The data ▸

■ ■ ■

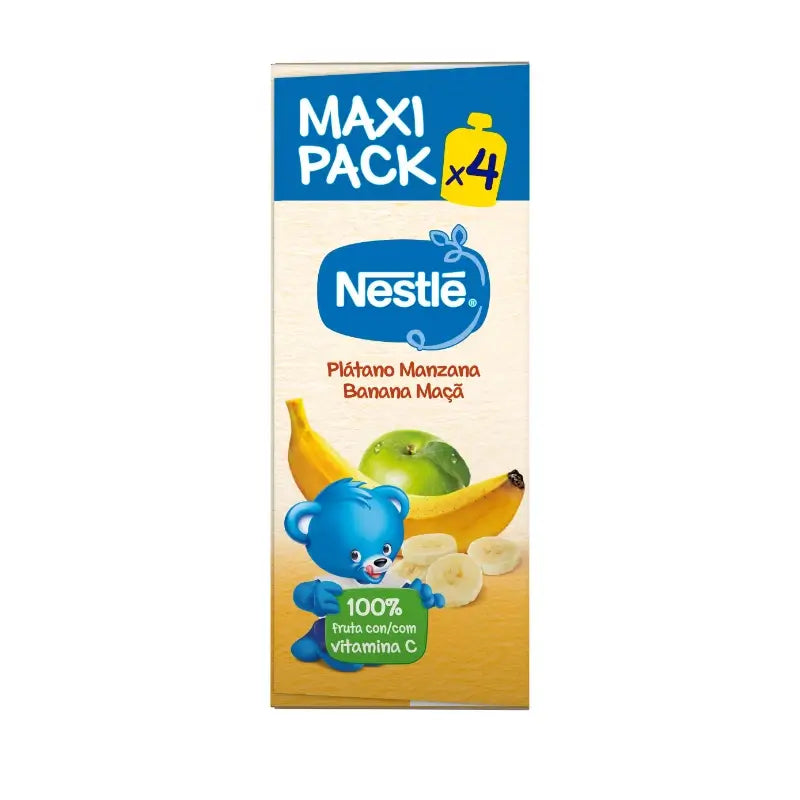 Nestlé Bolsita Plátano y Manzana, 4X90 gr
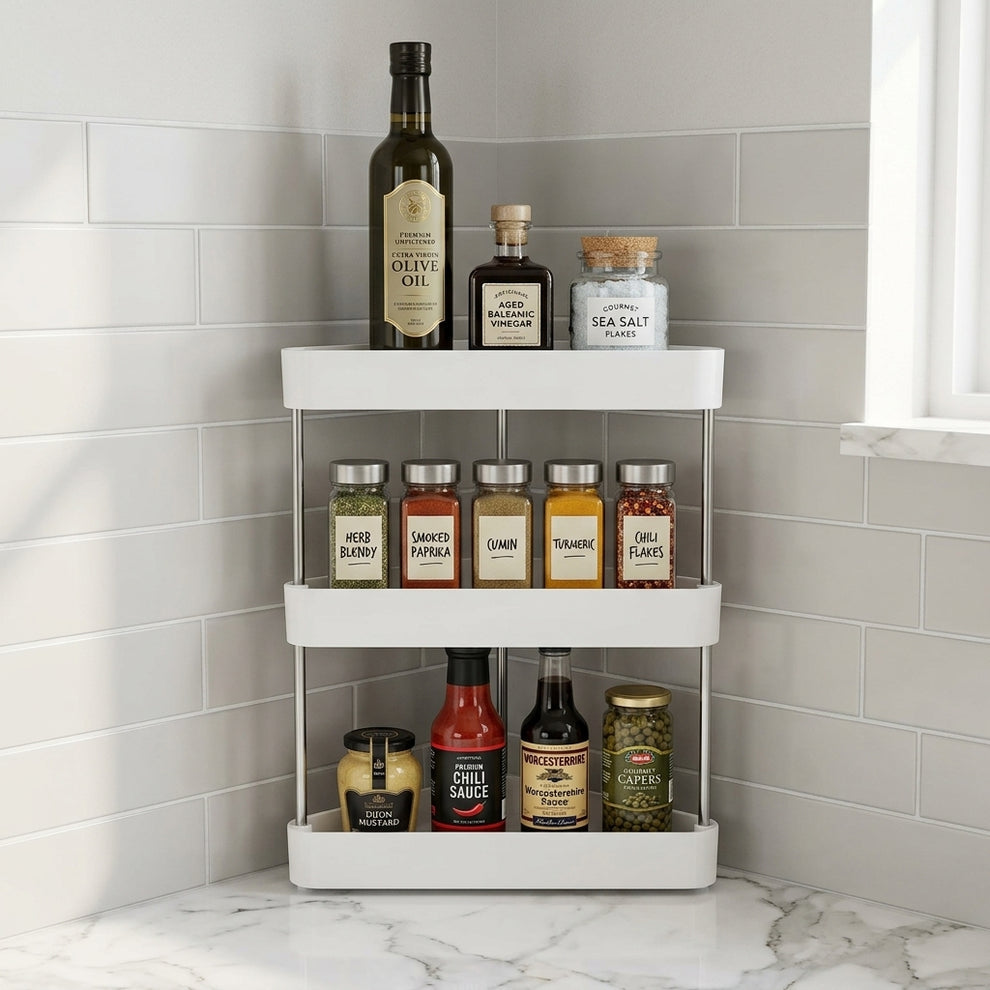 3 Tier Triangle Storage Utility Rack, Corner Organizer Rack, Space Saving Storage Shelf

■ ■ ■

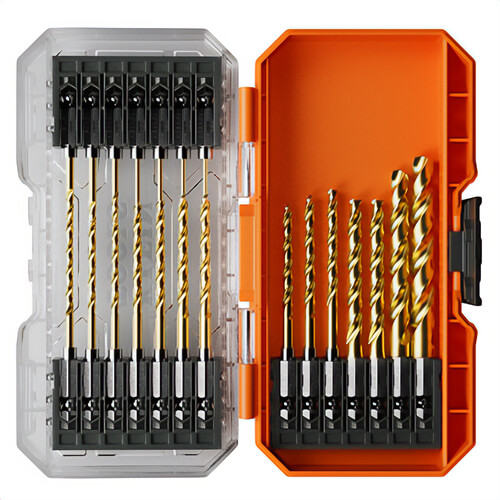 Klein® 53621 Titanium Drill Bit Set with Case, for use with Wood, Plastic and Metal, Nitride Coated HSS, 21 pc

■ ■ ■

Try it ▸
Give exactly the lines above that run from the line with "Nestlé Bolsita Plátano y Manzana, 4X90 gr" to the line with "3 Tier Triangle", both included, leaving every picture out.

Answer space ▸
 Nestlé Bolsita Plátano y Manzana, 4X90 gr
 3 Tier Triangle Storage Utility Rack, Corner Organizer Rack, Space Saving Storage Shelf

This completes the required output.